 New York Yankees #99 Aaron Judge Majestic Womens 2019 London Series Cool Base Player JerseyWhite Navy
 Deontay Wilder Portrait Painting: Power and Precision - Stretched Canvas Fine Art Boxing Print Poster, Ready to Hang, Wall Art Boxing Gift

# # # # #

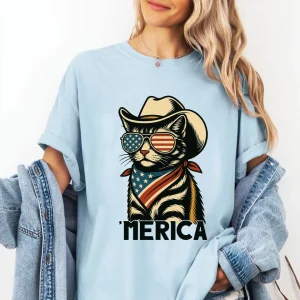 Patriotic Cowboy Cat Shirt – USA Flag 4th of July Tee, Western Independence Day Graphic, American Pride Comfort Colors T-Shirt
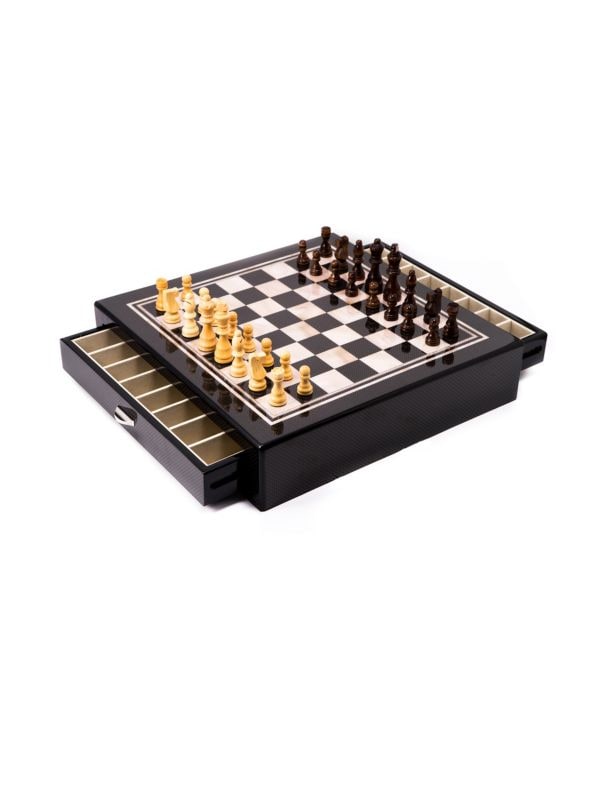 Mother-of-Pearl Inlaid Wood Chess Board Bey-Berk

# # # # #

**Problem requirements**
For the listing above, print only the lines starting at the line containing "New York Yankees" and ending at the line containing "Deontay Wilder Portrait", exactly, both included.

**Final answer**
 New York Yankees #99 Aaron Judge Majestic Womens 2019 London Series Cool Base Player JerseyWhite Navy
 Deontay Wilder Portrait Painting: Power and Precision - Stretched Canvas Fine Art Boxing Print Poster, Ready to Hang, Wall Art Boxing Gift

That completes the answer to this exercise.